**WORK TO COMPLETE:**
What lines in the records below include the word "Street"? Return each one.
[Start of Attachment]
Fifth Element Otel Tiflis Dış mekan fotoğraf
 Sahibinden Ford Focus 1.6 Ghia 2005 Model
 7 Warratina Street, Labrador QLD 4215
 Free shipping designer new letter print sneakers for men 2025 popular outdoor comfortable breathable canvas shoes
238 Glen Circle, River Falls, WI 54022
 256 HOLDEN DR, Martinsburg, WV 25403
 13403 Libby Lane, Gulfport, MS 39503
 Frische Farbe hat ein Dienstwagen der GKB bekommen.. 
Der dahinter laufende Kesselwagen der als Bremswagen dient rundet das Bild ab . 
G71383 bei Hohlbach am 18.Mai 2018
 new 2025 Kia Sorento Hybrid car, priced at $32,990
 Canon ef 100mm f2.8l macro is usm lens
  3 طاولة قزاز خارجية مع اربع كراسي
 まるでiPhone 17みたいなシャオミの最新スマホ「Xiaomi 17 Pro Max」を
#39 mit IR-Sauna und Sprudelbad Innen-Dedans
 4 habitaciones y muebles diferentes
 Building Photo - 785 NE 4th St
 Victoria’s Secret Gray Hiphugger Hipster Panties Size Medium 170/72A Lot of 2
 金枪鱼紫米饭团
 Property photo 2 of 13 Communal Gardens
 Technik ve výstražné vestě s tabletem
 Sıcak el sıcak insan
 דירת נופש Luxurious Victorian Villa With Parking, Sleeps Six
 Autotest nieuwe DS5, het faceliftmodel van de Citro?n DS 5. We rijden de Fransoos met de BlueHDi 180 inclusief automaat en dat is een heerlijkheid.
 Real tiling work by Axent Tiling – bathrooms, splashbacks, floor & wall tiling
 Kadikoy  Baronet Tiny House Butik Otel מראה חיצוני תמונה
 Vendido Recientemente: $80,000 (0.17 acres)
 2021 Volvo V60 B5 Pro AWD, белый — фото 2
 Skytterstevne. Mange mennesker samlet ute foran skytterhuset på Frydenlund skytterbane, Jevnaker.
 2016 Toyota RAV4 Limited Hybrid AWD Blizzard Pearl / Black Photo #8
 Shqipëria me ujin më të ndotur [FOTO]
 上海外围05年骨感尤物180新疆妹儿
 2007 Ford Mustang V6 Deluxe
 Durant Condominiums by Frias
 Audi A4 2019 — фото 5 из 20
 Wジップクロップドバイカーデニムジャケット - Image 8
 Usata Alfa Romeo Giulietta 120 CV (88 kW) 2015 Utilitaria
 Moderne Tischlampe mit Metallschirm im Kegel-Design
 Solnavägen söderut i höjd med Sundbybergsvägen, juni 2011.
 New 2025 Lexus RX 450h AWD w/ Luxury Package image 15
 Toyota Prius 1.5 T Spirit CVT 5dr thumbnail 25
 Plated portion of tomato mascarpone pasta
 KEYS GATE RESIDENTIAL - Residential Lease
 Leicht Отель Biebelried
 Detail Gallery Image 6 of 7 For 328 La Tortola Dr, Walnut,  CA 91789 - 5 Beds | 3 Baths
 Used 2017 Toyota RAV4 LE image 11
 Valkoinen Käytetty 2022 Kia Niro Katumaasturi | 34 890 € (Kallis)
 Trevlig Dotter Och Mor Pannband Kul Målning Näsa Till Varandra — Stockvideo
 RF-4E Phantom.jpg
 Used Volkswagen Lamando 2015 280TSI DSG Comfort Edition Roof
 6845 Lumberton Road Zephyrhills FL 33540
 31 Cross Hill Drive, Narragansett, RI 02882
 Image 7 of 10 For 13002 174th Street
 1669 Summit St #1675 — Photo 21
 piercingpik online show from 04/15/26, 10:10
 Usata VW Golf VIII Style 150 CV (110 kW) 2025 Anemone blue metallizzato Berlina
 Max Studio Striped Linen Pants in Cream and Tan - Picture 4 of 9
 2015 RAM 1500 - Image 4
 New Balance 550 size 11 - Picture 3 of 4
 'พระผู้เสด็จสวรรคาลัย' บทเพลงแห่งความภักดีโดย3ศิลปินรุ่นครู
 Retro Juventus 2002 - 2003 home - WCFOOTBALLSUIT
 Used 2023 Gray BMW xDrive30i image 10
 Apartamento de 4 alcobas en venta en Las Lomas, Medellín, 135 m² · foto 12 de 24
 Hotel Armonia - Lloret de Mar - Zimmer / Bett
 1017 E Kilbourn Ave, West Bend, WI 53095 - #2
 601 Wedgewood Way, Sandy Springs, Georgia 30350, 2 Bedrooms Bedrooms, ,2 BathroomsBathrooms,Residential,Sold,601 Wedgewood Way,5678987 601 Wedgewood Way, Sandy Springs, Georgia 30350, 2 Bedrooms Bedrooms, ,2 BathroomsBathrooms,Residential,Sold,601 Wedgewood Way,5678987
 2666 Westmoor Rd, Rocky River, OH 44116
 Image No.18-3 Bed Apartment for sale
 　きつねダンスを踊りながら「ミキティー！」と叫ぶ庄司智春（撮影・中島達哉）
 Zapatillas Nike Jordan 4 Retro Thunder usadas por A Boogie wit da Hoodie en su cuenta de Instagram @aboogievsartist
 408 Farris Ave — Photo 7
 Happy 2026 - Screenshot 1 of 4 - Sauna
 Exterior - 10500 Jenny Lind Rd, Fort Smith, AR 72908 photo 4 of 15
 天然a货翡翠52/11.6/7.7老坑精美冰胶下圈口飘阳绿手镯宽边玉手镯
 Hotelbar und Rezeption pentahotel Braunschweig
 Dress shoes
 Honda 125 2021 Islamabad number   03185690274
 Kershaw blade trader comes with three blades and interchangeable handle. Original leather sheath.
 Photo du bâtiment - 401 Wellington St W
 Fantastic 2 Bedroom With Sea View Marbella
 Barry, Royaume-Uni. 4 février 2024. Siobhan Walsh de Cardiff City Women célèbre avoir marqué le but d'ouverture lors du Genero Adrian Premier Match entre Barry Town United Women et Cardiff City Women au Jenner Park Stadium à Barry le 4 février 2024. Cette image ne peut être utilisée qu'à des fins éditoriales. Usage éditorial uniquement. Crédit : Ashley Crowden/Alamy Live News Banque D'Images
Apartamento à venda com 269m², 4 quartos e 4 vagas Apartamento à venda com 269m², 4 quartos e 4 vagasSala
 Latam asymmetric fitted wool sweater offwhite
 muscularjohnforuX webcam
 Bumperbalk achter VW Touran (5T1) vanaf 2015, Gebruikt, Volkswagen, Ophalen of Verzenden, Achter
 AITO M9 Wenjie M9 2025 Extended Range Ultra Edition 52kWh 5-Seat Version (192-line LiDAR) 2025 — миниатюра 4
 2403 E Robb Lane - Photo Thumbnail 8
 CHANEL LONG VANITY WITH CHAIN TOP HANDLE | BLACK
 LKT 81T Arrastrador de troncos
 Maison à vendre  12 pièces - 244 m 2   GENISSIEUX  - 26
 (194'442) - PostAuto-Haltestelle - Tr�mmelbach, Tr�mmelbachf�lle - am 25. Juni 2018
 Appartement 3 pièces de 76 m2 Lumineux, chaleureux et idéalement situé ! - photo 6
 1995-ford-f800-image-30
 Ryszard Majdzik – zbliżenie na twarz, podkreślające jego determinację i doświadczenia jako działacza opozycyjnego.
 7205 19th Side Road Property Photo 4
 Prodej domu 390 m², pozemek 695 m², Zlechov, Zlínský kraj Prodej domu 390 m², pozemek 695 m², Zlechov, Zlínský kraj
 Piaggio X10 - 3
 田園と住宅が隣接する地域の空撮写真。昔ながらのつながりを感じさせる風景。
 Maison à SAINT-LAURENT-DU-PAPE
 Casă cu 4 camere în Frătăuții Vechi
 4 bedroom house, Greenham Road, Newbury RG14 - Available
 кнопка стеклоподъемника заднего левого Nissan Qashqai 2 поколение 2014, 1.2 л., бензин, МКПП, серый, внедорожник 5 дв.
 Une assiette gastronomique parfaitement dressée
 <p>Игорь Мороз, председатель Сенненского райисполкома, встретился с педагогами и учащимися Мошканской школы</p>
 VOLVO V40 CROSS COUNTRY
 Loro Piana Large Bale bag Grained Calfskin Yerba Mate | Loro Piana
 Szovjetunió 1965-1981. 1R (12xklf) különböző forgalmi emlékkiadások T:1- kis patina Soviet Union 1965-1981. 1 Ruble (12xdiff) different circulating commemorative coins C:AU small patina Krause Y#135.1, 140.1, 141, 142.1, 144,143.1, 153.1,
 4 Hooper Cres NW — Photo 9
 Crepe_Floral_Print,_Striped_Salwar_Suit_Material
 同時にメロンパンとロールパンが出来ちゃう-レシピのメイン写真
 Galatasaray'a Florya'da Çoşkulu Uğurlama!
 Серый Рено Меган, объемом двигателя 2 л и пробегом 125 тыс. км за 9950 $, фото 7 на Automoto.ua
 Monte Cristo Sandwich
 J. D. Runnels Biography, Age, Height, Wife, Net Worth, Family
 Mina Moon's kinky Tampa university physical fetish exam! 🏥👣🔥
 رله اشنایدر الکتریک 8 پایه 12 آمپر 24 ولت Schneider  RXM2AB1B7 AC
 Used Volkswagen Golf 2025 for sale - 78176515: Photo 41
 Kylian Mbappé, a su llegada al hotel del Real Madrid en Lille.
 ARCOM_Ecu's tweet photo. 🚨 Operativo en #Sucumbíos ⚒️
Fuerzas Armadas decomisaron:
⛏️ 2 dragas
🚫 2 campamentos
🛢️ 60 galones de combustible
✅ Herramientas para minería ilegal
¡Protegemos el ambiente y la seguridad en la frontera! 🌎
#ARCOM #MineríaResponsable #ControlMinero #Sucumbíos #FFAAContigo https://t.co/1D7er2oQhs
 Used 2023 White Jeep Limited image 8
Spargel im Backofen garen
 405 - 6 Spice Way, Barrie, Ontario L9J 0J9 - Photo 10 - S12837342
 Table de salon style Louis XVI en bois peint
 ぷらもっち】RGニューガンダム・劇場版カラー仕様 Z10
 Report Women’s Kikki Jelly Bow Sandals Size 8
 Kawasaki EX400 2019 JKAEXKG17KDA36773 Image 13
[End of Attachment]
**ANSWER SPACE:**
 7 Warratina Street, Labrador QLD 4215
 Image 7 of 10 For 13002 174th Street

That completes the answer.